During a test, participants will try to complete typical tasks while observers watch, listen and take notes. The goal is to identify any usability problems, collect qualitative and quantitative data and determine the participant's level of satisfaction with the product. Ultimately, this data is used to improve or refine specific features or the product (or service) as a whole.
Usability testing lets the design team identify problems early, when problems can be fixed with the least negative impact in terms of staff time, costs and schedule delays.
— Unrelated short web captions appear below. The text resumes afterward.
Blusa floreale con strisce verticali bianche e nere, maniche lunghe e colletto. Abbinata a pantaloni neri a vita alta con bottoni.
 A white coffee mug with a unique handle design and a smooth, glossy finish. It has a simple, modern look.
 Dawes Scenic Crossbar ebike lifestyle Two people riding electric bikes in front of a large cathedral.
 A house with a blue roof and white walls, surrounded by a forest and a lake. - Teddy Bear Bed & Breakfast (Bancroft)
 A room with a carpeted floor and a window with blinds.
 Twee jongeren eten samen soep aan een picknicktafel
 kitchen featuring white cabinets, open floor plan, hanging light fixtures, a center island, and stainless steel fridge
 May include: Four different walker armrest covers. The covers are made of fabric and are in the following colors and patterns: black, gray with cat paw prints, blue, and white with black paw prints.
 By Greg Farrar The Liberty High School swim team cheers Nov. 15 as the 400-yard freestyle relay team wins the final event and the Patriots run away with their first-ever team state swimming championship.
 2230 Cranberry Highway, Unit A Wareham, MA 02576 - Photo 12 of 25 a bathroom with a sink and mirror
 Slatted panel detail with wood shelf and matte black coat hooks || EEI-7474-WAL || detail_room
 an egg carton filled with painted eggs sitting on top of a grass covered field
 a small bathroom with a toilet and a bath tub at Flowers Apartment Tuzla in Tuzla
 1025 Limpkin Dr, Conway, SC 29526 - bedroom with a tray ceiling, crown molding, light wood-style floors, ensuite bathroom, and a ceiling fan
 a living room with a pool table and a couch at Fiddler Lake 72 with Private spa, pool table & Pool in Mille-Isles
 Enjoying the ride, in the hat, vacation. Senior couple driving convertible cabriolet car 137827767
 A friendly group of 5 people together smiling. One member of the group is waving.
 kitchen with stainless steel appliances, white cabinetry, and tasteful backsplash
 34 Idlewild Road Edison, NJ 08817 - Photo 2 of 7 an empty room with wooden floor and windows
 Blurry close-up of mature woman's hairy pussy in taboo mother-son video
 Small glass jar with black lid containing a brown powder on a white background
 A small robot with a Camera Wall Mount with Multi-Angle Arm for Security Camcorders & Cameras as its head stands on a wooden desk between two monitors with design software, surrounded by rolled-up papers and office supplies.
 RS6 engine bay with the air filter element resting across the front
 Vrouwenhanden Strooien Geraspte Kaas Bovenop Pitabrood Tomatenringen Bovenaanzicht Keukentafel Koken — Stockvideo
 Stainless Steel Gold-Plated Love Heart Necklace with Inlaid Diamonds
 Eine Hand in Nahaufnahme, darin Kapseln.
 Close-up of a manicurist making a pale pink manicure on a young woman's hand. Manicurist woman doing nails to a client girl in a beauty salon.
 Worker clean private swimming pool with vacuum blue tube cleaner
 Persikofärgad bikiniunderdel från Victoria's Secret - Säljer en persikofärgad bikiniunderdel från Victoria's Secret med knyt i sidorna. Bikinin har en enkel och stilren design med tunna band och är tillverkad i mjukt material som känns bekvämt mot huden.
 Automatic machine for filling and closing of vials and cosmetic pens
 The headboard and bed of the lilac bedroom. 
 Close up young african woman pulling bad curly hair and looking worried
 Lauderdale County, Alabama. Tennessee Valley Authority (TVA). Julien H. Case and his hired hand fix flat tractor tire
There are multiple ways of testing the usability of a product. Its many forms include evaluating paper prototypes, formal lab testing, remote online tests, and in-home tests. Although there are slight differences between each of them, the steps for conducting a usability test are standard. Here’s a brief overview of the key steps:
1 Plan the test
The foremost thing is to identify what you want to test, for instance flows, interactions, content, colors, even whether people can access desired information. The next step is to develop a test plan with multiple tasks, and choose the metrics on which you want to ascertain the success of a task — say time-to-complete the task. You also might write down a few questions to ask the participants.
2 Recruit participants
The next thing is to determine who you’ll be testing. Will they be actual users? Representative user groups? Internal or external stakeholders? Certainly testing with end-users is optimal, but sometimes recruiting end-users is a challenge so the product is tested with subject matter experts (SMEs) instead. (Incentivising your participants with cash or a gift card can make the recruiting process a little easier.) As you recruit, keep in mind that when it comes to testing designs conducting several tests with small groups is preferable to testing once with a larger group.
3 Conduct the test
You should have at least two people administering the test, including a moderator and a notetaker. It’s the moderator’s job to lead usability sessions by following the test plan. It is up to the moderator to ensure participants are comfortable, that the sessions go smoothly, and that the participants provide the information necessary for the design team to make improvements in the product designs. A good moderator walks the line between being an actor who follows a script and an improv artist able to adapt on the fly.
The notetaker observes each participant interacting with the product and takes copious notes. It is not unusual for the notetaker to ask a few questions in an effort to get key information needed to enhance the design. Recording video of each participant interacting with the product is strongly recommended so that the design team can revisit them in the future for reference.
4 Present the results
You’ve completed the testing phase. Now it’s time to gather and assimilate all the test results and convert them to actionable design insights. If there are multiple observers, it’s important to meet together as a group and discuss the usability tests before developing the final deliverable for a usability report, typically a Powerpoint or keynote presentation, academic report or a sketch/prototype incorporating all the design improvements.
Usability Testing Can Deliver Success
Why is usability testing so important to the success of any product? Simply this: You are not your users. Usability testing lets you watch potential users interact with your product so you can identify works well and what needs improvement. By learning directly from them, rather than theorizing about what they might think, you’ll be able to create a better product.
Remember, it’s not about getting participants to tell you what needs adjusting. It’s about observing them in action, listening to their needs and concerns, and considering what might make the experience work better for them.